Now, go ahead and select your preferred option from a barrage of languages enlisted on your left, followed by which, you can choose between either installing Ubuntu directly or trying the desktop first.
You’ll probably find an option called Install Ubuntu. Click on that option and press return to launch the desktop installer automatically.
Alternatively, you could also select the first option, Try Ubuntu without installing to give Ubuntu a test run.
A few seconds later, after the desktop has loaded, you’ll see a new window. This is the welcome window. At this point, you can select your language from a list on the left and choose between either installing Ubuntu directly or trying the desktop first.

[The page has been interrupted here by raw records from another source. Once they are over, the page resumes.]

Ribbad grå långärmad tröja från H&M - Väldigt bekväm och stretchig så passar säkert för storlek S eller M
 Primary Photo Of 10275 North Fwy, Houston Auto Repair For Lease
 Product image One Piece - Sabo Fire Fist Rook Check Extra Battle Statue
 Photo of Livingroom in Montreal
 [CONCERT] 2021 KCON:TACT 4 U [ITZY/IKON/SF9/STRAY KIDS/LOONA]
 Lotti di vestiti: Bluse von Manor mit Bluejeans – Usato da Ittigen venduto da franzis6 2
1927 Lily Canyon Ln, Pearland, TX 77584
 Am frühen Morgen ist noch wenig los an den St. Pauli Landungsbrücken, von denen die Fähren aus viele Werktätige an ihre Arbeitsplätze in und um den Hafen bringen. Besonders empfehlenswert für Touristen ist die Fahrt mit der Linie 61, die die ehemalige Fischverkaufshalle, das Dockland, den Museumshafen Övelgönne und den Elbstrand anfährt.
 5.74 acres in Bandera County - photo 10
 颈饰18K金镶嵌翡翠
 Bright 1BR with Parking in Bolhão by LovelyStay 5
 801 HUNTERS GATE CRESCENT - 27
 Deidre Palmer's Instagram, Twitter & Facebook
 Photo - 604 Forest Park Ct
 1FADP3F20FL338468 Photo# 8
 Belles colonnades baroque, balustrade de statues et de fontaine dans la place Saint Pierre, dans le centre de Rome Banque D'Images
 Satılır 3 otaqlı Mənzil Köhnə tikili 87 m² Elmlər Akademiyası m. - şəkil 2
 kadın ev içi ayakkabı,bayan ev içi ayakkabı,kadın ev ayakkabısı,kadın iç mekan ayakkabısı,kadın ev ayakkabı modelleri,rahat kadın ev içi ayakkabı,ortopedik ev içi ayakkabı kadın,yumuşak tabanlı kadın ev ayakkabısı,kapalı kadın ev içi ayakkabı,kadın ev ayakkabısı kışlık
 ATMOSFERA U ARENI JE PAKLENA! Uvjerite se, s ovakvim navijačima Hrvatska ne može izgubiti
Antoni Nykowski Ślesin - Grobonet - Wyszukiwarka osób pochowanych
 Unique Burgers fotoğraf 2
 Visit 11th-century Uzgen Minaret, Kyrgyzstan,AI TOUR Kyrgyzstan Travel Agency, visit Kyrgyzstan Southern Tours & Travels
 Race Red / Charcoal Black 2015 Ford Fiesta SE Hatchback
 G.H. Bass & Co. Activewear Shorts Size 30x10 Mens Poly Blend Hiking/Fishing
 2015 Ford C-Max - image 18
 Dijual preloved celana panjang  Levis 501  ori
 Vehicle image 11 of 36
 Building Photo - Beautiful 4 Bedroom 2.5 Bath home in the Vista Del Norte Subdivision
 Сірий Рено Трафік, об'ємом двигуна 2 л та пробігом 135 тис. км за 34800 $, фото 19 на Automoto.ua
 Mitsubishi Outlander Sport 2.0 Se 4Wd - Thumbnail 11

Step 3: Preparations for Installing Ubuntu
Post the language selection, you shall be asked to select your keyboard layout. If the installer doesn’t guess the default layout correctly, you can use the Detect Keyboard Layout button to run through a brief configuration procedure and then select Continue.
Next, you shall be asked What apps would you like to install to start with? Two options will be available to you; Normal installation and Minimal installation.
The first option is the equivalent to the old default bundle of utilities, applications, games and media players. It’s a great launchpad for any Linux installation.
The second option takes considerably less storage space and allows you to only install what you require.
Beneath the installation-type question will be two check-boxes; I’d reckon you enable both Download and Install Third-Party Software.
Suppose, you aren’t connected to the internet, you will be asked to select a wireless network, if available. It’s always preferable to stay connected to the internet during the installation so your machine is updated.
Step 4: Allocate Drive Space
There will be a couple of checkboxes to choose from as you can see in the image below. So you can make a choice, if you’d like to install Ubuntu alongside another operating system, delete your existing operating system and replace it with Ubuntu, or Something else.
Step 5: Begin Installation
A small pane, in the likes of the image given, will appear before you which will have an overview of the storage options you’ve chosen, with the chance to go back if the details are incorrect.
Click Continue to fix those changes and start the installation process.
Step 6: Select Location
Step 7: Login
The installer shall suggest a computer name, automatically and also the username, once you enter your name. These are pretty simple to change according to your preference. The computer name is how your computer will appear on the network, while your username will be your login and account name.
Next, go ahead set a strong password. It could include uppercase alphabets, lowercase alphabets, numeric and special characters.
But if you enable home folder encryption and you happen to forget your password, you won’t be able to retrieve any personal data stored in your home folder, that’s a con. I am not trying to scare you, I promise!
Step 8: Background Installation
Step 9: Installation Complete!
Now your Distribution has been installed and configured. A small window will appear before you, asking you to restart your machine. Click on Restart Now and when the prompt is displayed, remove either the DVD or flash drive you’ve plugged in.
Kudos! You have now successfully installed the World’s most popular Linux OS!
Alternate Method: Download Ubuntu on your Virtual Machine
There are several ways to install Ubuntu. If you want to use Ubuntu without making any changes in your Windows system, you can go the virtual machine way. Basically, you install and use this distribution like any regular Windows application. When you just want to try a Linux distro (Ubuntu in this case) for limited use, virtual machines provide a more comfortable option.
1. Download and install Virtual Box
2. Download Linux ISO
Next, you need to download the ISO file of the Linux distribution,i.e, Ubuntu. You can get this image from this link.
3. Install Ubuntu using Virtual Box
Now, you have installed Virtual Box and downloaded the ISO for Linux. You are now all set to install Linux in Virtual Box.
Create a virtual disk. This works like the hard disk of the virtual Linux system. This is where the virtual system will store its files. I, personally, would go for the VDI type file, here.
You can choose either to Dynamically allocate or a Fixed size option for creating the virtual hard disk. The recommended size is 10 GB.
Once everything is in place, it’s time to boot that ISO and install Ubuntu as a virtual operating system. If Virtual Box doesn’t detect the Linux ISO, browse to its location by clicking the folder icon as shown in the picture.
Soon you’ll find yourself inside Linux. You’ll end up with the option to install it.
Things from here are Ubuntu specific. From here you can continue with Step 2.
I hope you found this guide helpful. If you need, you can change the boot order easily to make Ubuntu your default OS. But that’s a story for another day. For now, you can go ahead, experiment and enjoy this beautiful, beginner-friendly Linux distribution.